For the whole four to five days before the actual ceremony date, carved butter lamps are lit in windows, along rooftops, and on the sides of streets, and the people march around the kora route at Jokhang in long lines, muttering their Buddhist sutras and prayers as they go. As one of the most important festivals in the Tibetan lunisolar calendar, the Butter Lamp Festival tour includes a trip to Ganden Monastery for the celebrations and festivities there during the Butter Lamp Festival.
6 Days Terdrom Hot Spring Tour
If you want something a little more adventurous for your short winter break, then there is nothing better than combining a tour of Lhasa with a trip to Ganden Monastery and the beautiful nunnery retreat at Terdrom, a famous meditation retreat since the 7th century, and the caves where the Buddhist guru, Padmasambhava, meditated with his consort, Khadro Yeshi Tsogyal, in the 8th century.

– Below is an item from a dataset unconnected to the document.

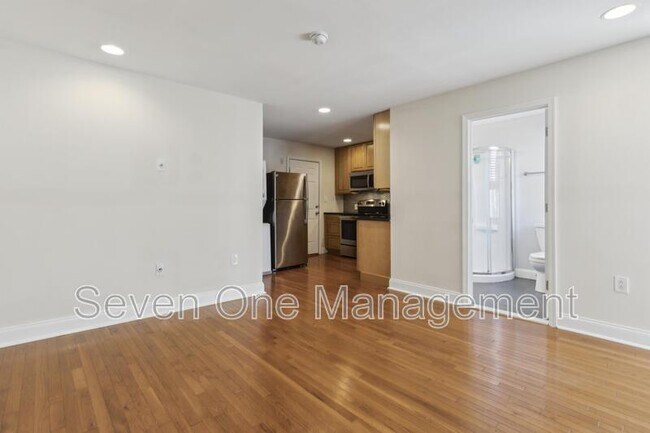 Building Photo - 6066 Ridge Ave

The site also includes a hot spring, which is popular with both locals and tourists, as well as the monks and nuns. Once you have spent some time in the caves and nunnery, you can spend the afternoon relaxing in the healing waters of the hot springs. On the way back to Lhasa the next day, you will stop off at the Drigung Til Monastery, the seat of the Kagyu School of Tibetan Buddhism and one of the few remaining sky burial sites in Tibet. This traditional burial is not open to viewing, and the actual burial site is restricted, so you will not be able to visit, out of respect for the traditional Tibetan customs. However, the monastery is a beautiful place, and is the premier center of meditative studies in Tibet, with more than 250 monks in residence.
8 Days Winter EBC Exploration
If you are in the mood for visiting Mount Everest Base Camp, then do not despair, this can still be done throughout most of the winter months, and the period when it is most likely to be blocked by snow is in February when Tibet is closed to foreign tourism. An awesome 8-day trip, which incorporates the highlights of the Tibetan capital, this tour takes you through Gyantse and Shigatse, to the wonders of the world’s highest mountain, Mount Everest.

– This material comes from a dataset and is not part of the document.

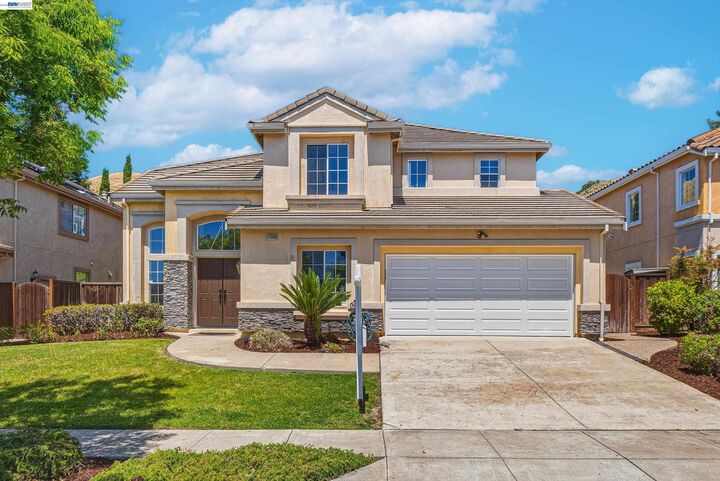 Property Photo: 41066 Canyon Heights Dr CA 94539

The tour includes a short stop at Lake Yamdrok and Karola Glacier, as well as a tour of the famous Kumbum Stupa in Gyantse, and the Tashilhunpo Monastery in Shigatse, Tibet’s second city. The stupa is 32 meters tall with 108 chapels, and is the only stupa of its kind in Tibet, while the Tashilhunpo Monastery, built by the first Dalai Lama, is the seat of Tibet’s second highest incarnation, the Panchen Lama.

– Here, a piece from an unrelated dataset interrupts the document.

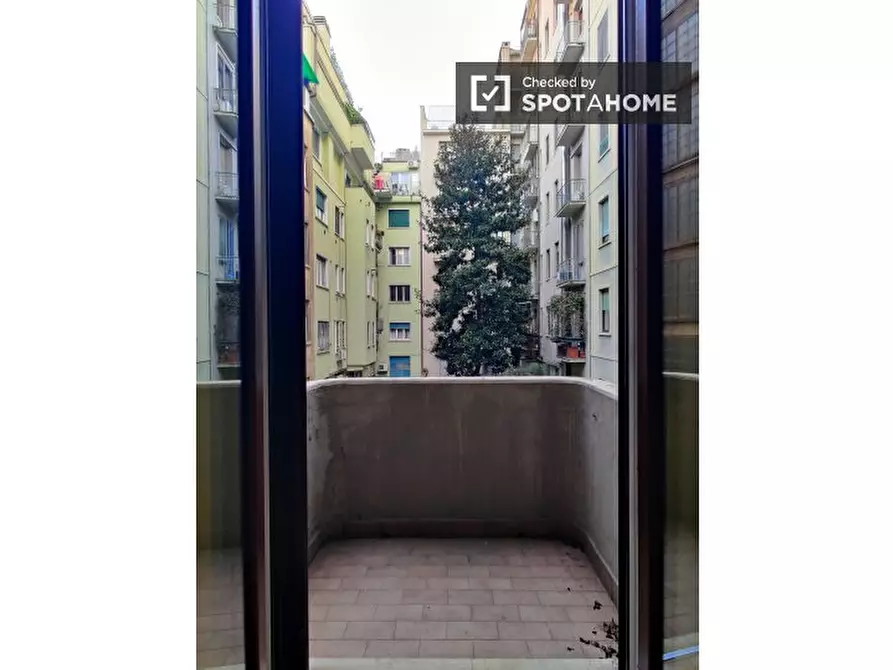 Immagine 13 di Appartamento in affitto  in Viale Tunisia a Milano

But the highlight of this tour and the culmination of the trip is the chance to stand in the shadow of Mount Everest, at the famous Northern Base Camp, the first base camp set up on the slopes of the mountain almost 100 years ago. The views from the camp are spectacular, and if you are looking for that special photo, the view from the nearby Rongbuk Monastery, where you will stay the night before heading to the base camp, are best seen early in the morning, as the rising sun strikes the eastern side of the mountain.